Today when I entered the room, there was no person in the waiting area but me.
Shortly after I sat down, a young lady escorted an elderly Chinese woman inside. I immediately noticed the elderly woman’s eyes. They were shut closed. The young woman led the blind woman to a chair, before she quickly exited to park the car.
For the time, it was only me and the blind woman. The woman was seated across from me about six-feet away. As I smiled out at her, I realized she did not know I was in the room.
I hesitated to speak. But I was compelled to make my presence known. Leaning forward in my chair, I offered the woman a gentle good morning. Then I wondered what had caused her blindness.
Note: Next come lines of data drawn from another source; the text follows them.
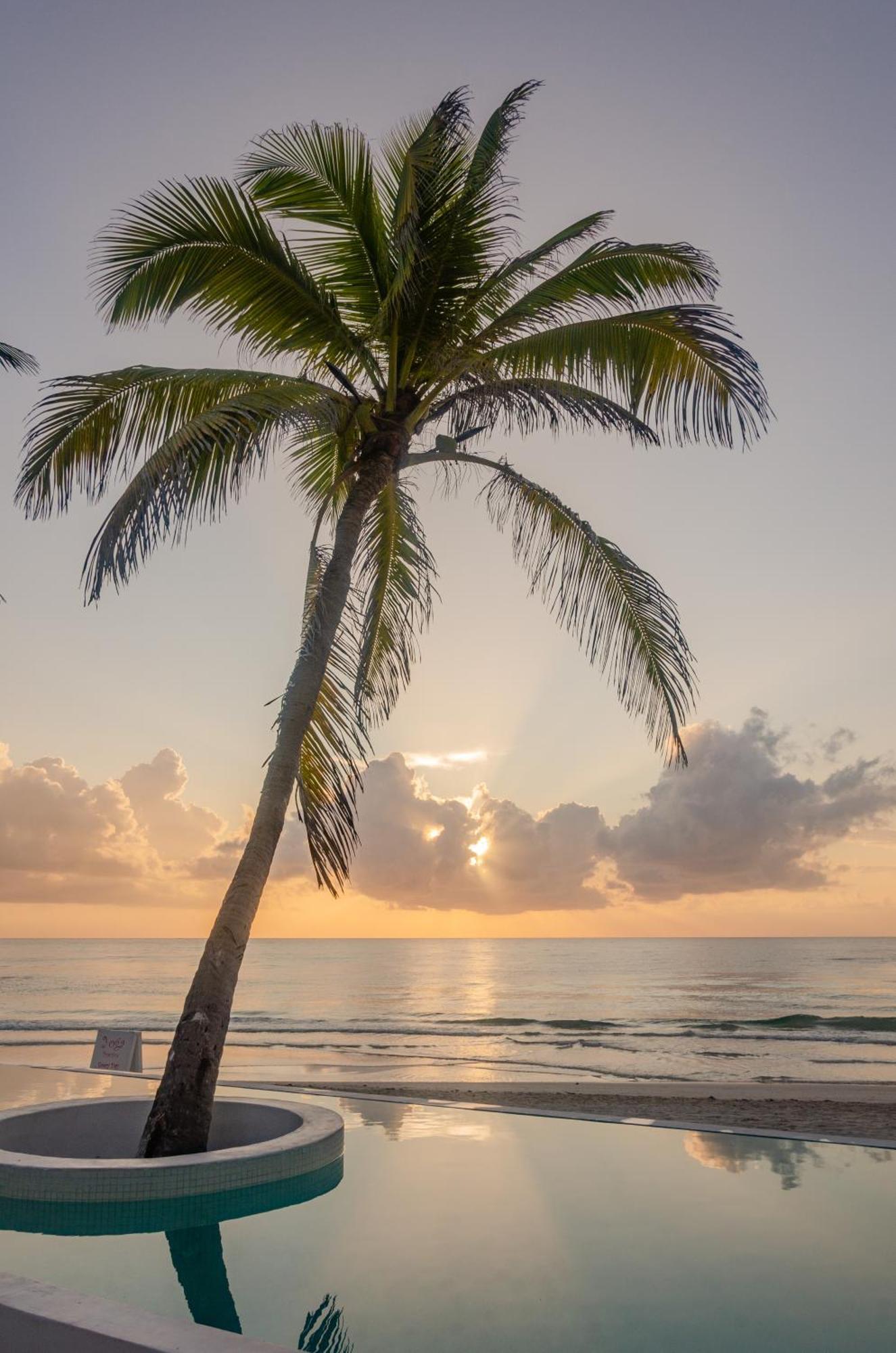 12br Beachfront Private With Infinity Pool By Solmar * Tulum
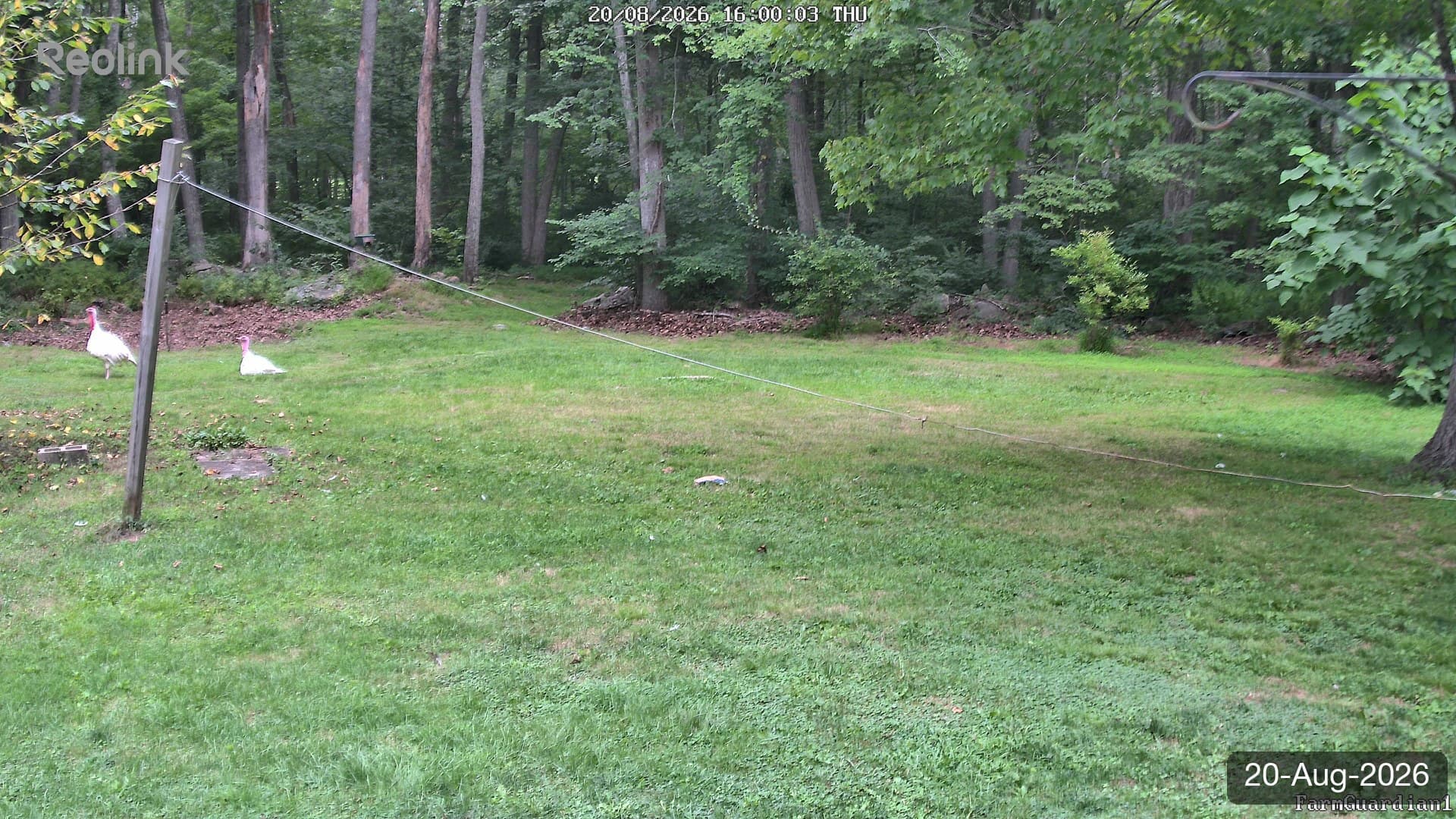 Yard on 20-Aug-2026, Evening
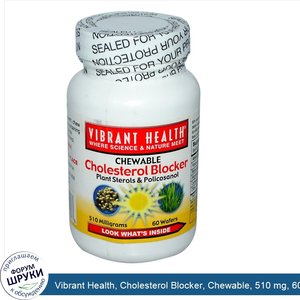 Vibrant_Health__Cholesterol_Blocker__Chewable__510_mg__60_Wafers.jpg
Wondered why she had to have blood work done. And wondered, too, why her lids were so tightly sealed together.
There was only seconds between the time I said good morning and the time the woman took to respond. Upon hearing my words, she searched for me, her head slightly turning my direction. Again, I wondered.
“Good morning,” the old woman answered, with an inflection and spirit liken to a young person. And then, without pause, she continued. “I so, so, scared,” she said in broken English. “I so, so, scared,” she said again.
She placed her aged hand over her chest and flapped her hand repeatedly. “I no like when they put the point in me,” she confessed. She attempted a smile. Without the use of her eyes for expression, the rest of her—arms, mouth, head, wrinkles, shoulders—they all played their part.
She curled into herself and then used her hand to demonstrate a beating heart again. “I been here many times. No make difference. I still get so scared. I can’t help. I don’t like be here. So, so scared.”
I tried my best to offer her some comfort through my words. I don’t think she understood anything I said. But she smiled just the same. To be heard—she only needed to be heard.
Soon the young escort returned, and I was called in for my blood draw.
This blind woman was a wonderful gift.
In the few moments this woman had shared her truth, I had stood beside her in spirit. And as I stood by, I had recognized my own self in her. With my recognition, my own fears were temporarily lessened. In viewing our likeness, my own misgivings were decreased.
In being there, hearing her voice, and recognizing our shared humanity, I understood this:
In an often obscured world we are each, in our own way, waiting for our voice to be heard.